Dr. Ramn's research group at Tufts University School of Medicine is deciphering the cellular mechanisms regulating protein quality control. She is interested in the evolutionarily conserved and essential p97 AAA-ATPase, also known as VCP, and how it modulates PQC. Her group has pursued characterizing how the cellular proteome is affected by the loss of individual p97 adaptors using multiplexed quantitative proteomics of adaptor knockout cell lines generated by CRISPR gene editing. These findings open up a new area of research to investigate these new functions, address what mechanisms regulate p97-adaptor binding and determine how this is altered in a cell-type-specific manner. A new area of research in her lab is developing iPSC-derived, cell-based models of p97 disease.

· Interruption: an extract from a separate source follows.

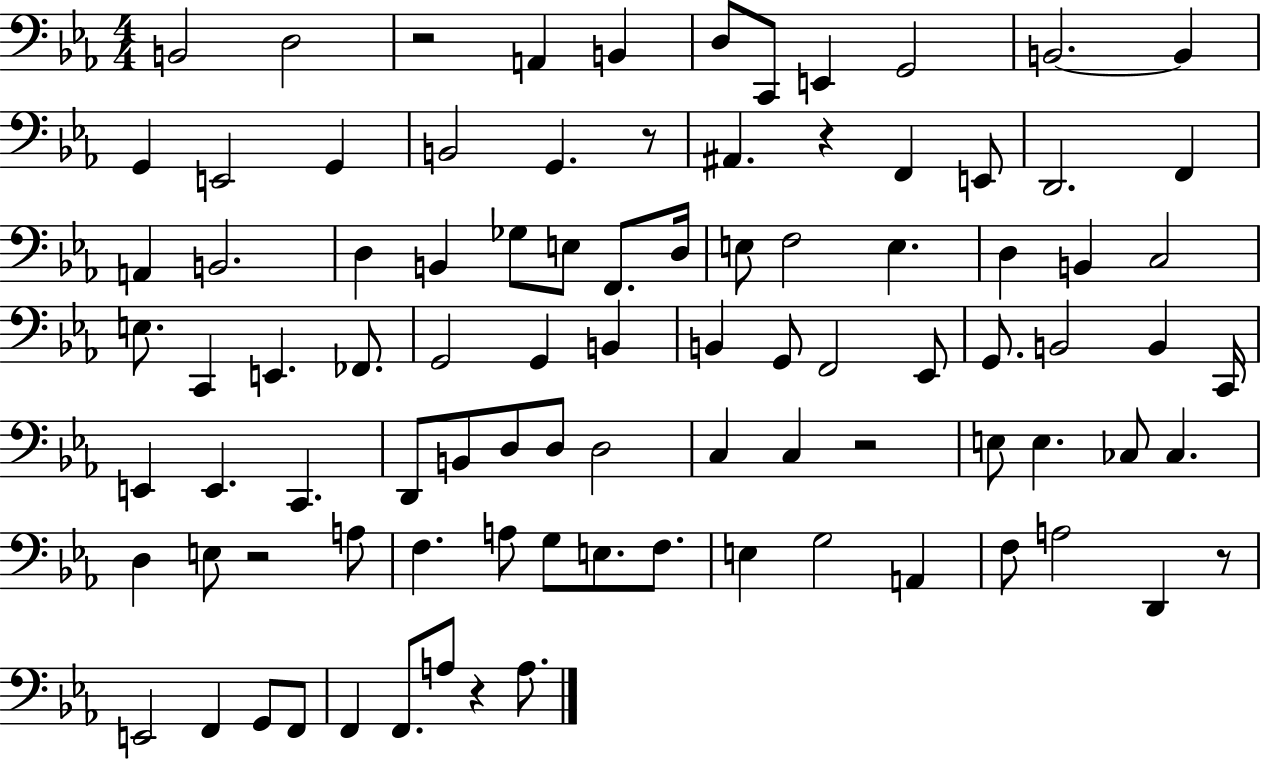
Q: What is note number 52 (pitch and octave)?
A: C2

Dr. Razidlo has made advancements in the cell biology of invasive migration, with a primary focus on pancreatic cancer metastasis. New research directions include investigating the intersection of metastasis and metabolism, with a goal to understand the metabolic drivers and vulnerabilities of invading tumor cells. Dr. Razidlo's research team at Mayo Clinic takes a cell biology-based approach to studying metabolism, with a focus on metabolic organelles, including mitochondria, lysosomes, and lipid droplets, and their contributions to tumor cell invasion. Her team uses a range of complementary approaches, including biochemistry, cell biology, in vitro and in vivo models, and patient datasets.